PERSONAL EXPERIENCE: I used to fly a Beech Baron from a short runway with a steep runway slope. I found — after cautious experience at reduced airplane weights and in varying wind conditions — that the effect of taking off downhill was usually more beneficial than taking off uphill into the wind. Such was standard procedure for all multiengine airplanes at my home airport; because landing airplanes usually landed uphill, in the opposite direction, it took good visual scanning, radio technique, and otherwise standard traffic patterns to assure safety at the never-busy-but-steadily-used airport.
- Airplane condition. Takeoff performance tables result from tests of a new airplane. If your is a little out of rig, or the engine is less than perfect; if a propeller blade is nicked, or contamination like frost, snow, or even dust or dead bugs is on the wings, the airplane won’t perform exactly as planned. Aircraft age alone may reduce performance.

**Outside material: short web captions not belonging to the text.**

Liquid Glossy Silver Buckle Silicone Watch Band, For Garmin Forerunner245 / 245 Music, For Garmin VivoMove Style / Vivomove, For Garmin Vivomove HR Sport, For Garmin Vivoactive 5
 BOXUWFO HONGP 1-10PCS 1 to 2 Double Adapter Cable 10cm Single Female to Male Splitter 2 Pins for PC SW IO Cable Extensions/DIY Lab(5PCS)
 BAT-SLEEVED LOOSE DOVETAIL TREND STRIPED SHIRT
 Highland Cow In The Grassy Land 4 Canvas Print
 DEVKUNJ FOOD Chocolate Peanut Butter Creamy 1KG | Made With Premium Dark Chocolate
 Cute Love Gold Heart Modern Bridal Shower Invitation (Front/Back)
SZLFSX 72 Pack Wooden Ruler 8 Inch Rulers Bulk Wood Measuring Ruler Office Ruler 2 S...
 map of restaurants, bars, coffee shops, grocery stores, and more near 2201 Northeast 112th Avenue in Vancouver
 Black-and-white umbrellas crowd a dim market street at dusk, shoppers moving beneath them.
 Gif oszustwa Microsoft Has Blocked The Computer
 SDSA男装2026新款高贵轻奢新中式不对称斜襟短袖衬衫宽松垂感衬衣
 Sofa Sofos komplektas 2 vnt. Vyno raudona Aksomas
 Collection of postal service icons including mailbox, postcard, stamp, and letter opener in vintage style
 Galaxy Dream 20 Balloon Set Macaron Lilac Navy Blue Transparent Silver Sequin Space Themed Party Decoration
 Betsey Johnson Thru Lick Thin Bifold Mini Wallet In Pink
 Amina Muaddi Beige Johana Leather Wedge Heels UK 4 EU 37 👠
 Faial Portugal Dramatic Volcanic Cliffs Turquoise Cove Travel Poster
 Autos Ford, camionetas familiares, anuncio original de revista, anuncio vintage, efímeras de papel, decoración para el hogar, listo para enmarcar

- Pilot technique. Similarly, POH flight testing was done by a professional test pilot. If you’re not one yourself, expect less-than-perfect takeoff performance. And the charted performance expectation is based on a specific takeoff technique. Called the “associated conditions” on the Takeoff Performance Chart, this technique often closely mirrors the “short field takeoff” we all learned as student pilots — full power before brake release, recommended flap settings, and rotation at a precise airspeed. Any other technique will result in different (probably reduced) takeoff and climb performance.
- The unexpected. That animal on the runway. An engine “hiccup” on takeoff. Splashing through puddles or bouncing over rough pavement. A door popping open, or other demanding distraction. Any of these can (and unfortunately, often do) show up as contributing factors to takeoff-related accidents.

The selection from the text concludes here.